Joh 4:27 そのとき、弟子たちが戻って来て、イエスが女の人と話しておられるのを見て驚いた。だが、「何をお求めですか」「なぜ彼女と話しておられるのですか」と言う人はだれもいなかった。

(1)弟子たちは、町へ買い物に出かけていた。

  ①生卵、果物、野菜などのコシェルの食物を探す。

  ②代価を払って食物を買う。

  ③それを持って、イエスのもとに帰って来た。

(2)彼らは、あり得ない光景を見て驚いた。

  ①ユダヤ教のラビたちは、婦人との会話を控えるように教えた。

  ②彼らは、公の場での妻との対話さえ疑問視した。

    *誘惑に陥らないために

    *他者から批判されないために

  ③イエスの弟子たちは、3重の意味で驚いた。

    *イエスが、公の場で婦人と話している。

    *しかも、この婦人はサマリア人である。

    *さらに、道徳的に問題のありそうな婦人である。

(3)弟子たちは、イエスを信頼していた。

  ①彼らは、イエスに状況説明を求めなかった。

  ②理解できなくても、師であるイエスに信頼した。

2.28節

Joh 4:28 彼女は、自分の水がめを置いたまま町へ行き、人々に言った。

(1)彼女がその場を離れた理由

  ①イエスに自分の過去を言い当てられたため、大いに驚いた。

  ②弟子たちが帰って来たので、2人だけの対話が難しくなった。

(2)彼女は、自分の水がめを置いたまま町へ行き、人々に言った。

  ①ここには、目撃者情報の雰囲気がある。

  ②水がめを置いて帰ったのは、最初の目的を忘れたということである。

  ③このエピソードは、彼女の驚きの大きさを示している。

  ④ユダヤ人の間では、婦人の証言(特に罪の女の証言)は重視されなかった。

  ⑤サマリア人の間でも、同じであろう。

  ⑥しかし彼女は、自分が出会ったメシアを町の人たちに紹介しようとした。

  ⑦ヨハ1:46

Joh 1:46 ナタナエルは彼に言った。「ナザレから何か良いものが出るだろうか。」ピリポは言った。「来て、見なさい。」

3.29節

Joh 4:29 「来て、見てください。私がしたことを、すべて私に話した人がいます。もしかすると、この方がキリストなのでしょうか。」

(1)彼女の伝道法には知恵がある。

  ①彼女は、キリストに出会ったとは断言していない。

    *断定的に伝えたとしても、拒否されたであろう。

  ②「もしかすると、この方がキリストなのでしょうか」と疑問文を使っている。

    *町の人たちに、自分で確かめるように提案している。

(2)彼女は、イエスをキリストだと考える理由を述べた。

  ①イエスの行為

  *イエスは、彼女の人生における主要な出来事を言い当てた(行為)。

    *「私がしたことを、すべて私に話した人がいます」は、誇張法である。

  ②イエスのことば

    *「あなたと話しているこのわたしがそれです」(26節)と言った。

4.30節

Joh 4:30 そこで、人々は町を出て、イエスのもとにやって来た。

(1)人々は、町を出て、イエスのもとにやって来た。

  ①自分の目と耳で、イエスは誰かを判断するためである。

  ②彼らは、仕事を中断して、井戸のそばまで来た。

  ③中には、彼女との関係がばれることを恐れた男たちがいたかもしれない。

5.31~32節

Joh 4:31 その間、弟子たちはイエスに「先生、食事をしてください」と勧めていた。

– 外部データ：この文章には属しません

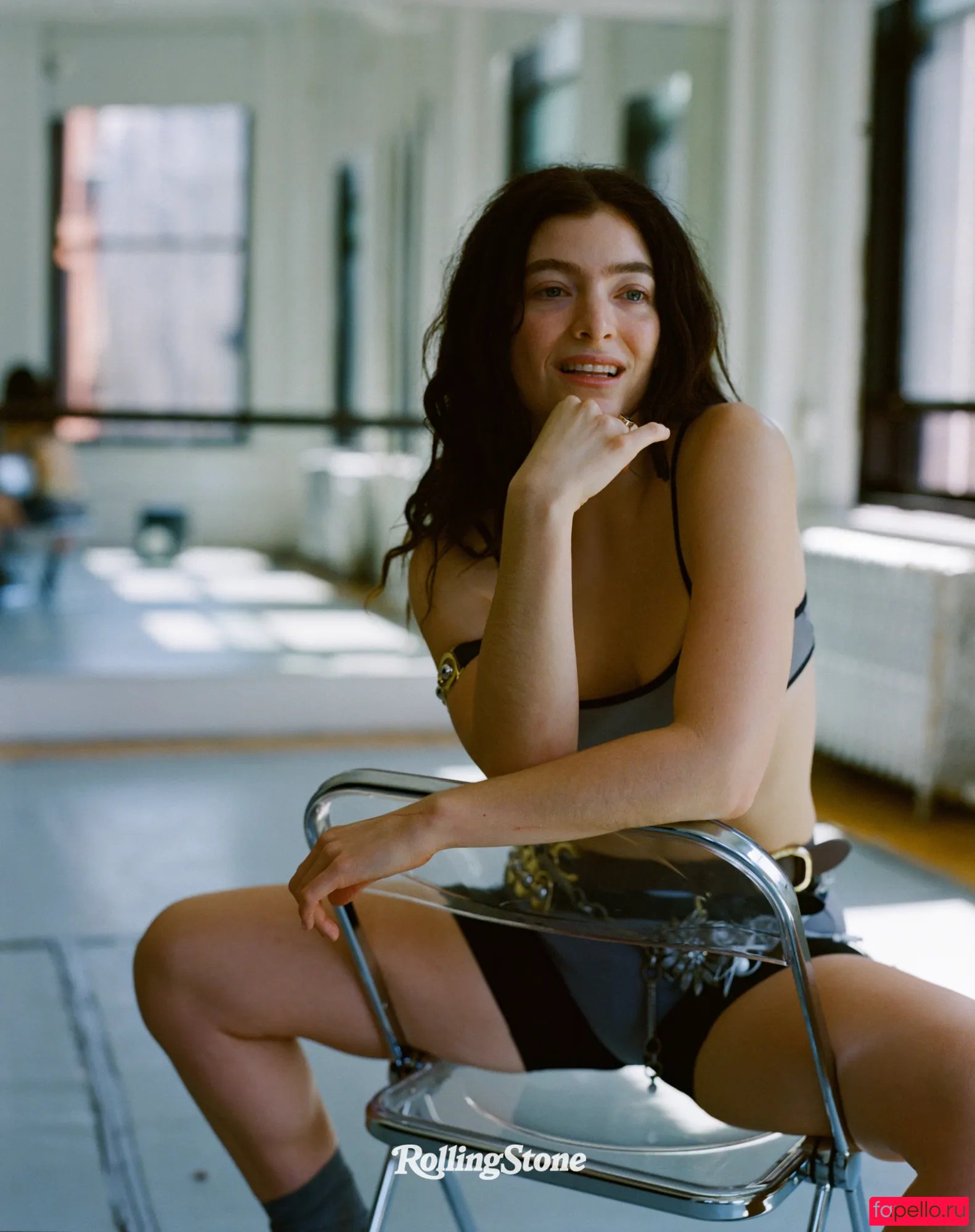 Lorde Onlyfans Photo Gallery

Joh 4:32 ところが、イエスは彼らに言われた。「わたしには、あなたがたが知らない食べ物があります。」

(1)弟子たちはイエスに食事を勧めた。

  ①イエスは、疲れ切っていた。

  ②空腹と渇きで苦しんでいた。

(2)しかしイエスは、この機会を弟子訓練のために用いた。

  ① 「わたしには、あなたがたが知らない食物があります」

  ②ここでは、「食物」ということばが比ゆとして用いられている。

  ③旧約聖書では、この比ゆは「召命」と関連して用いられることがある。

  ④エレ15:16

Jer 15:16 私はあなたのみことばが見つかったとき、/それを食べました。/そうして、あなたのみことばは、私にとって/楽しみとなり、心の喜びとなりました。/万軍の神、【主】よ、/私はあなたの名で呼ばれているからです。

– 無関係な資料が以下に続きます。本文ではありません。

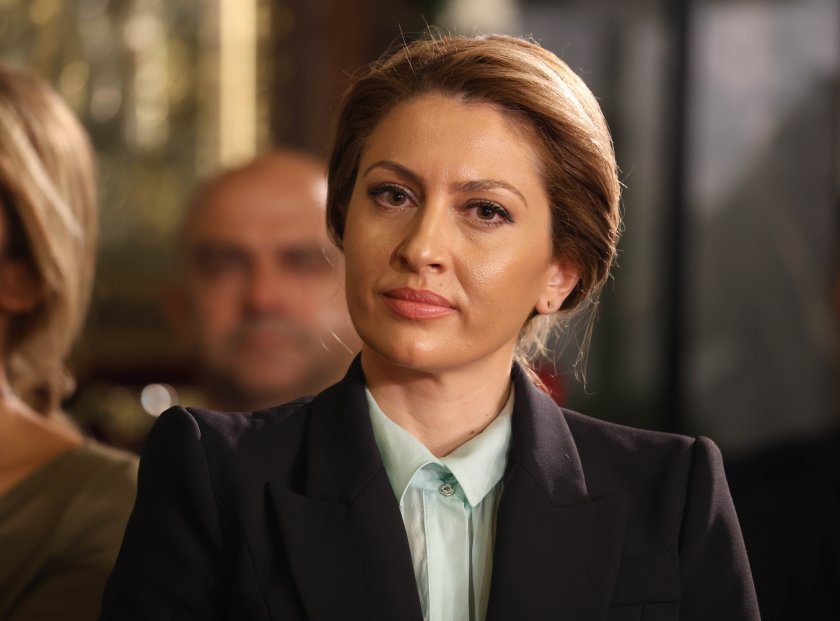 Рая Назарян: Конституцията е отправната точка за развитието ни като държава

  ⑤弟子たちは、肉体の糧しか考えていないが、第2の糧というものがある。

  ⑥イエスにとっては、肉体の糧よりも、父の御心を行うことのほうが重要。

  ⑦今まさに、サマリアの町に霊的覚醒が起ころうとしていた。

6.33~34節

Joh 4:33 そこで、弟子たちは互いに言った。「だれかが食べる物を持って来たのだろうか。」

Joh 4:34 イエスは彼らに言われた。「わたしの食べ物とは、わたしを遣わされた方のみこころを行い、そのわざを成し遂げることです。

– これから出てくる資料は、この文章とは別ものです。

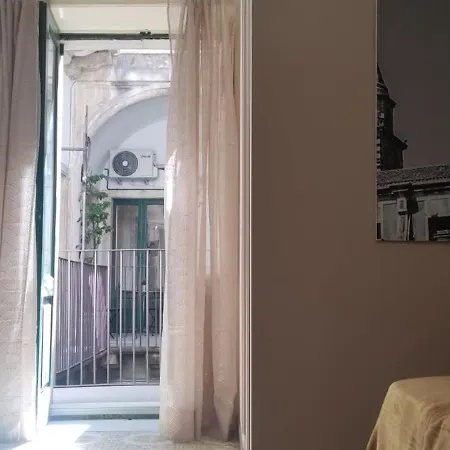Couette-café Baroque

(1)弟子たちは、第1の糧(肉体の糧)について論じた。

  ①苦労して食物を買って来た。

  ②持って来るのが遅すぎたので、誰か別の人が食物を持ってきたのだろうか。

(2)イエスは、第2の糧(比ゆ的意味での糧)について解説した。

  ①イエスの使命は、自分を派遣された父なる神の御心を実行することである。

    *これは、ヨハネの福音書の最初からのテーマである。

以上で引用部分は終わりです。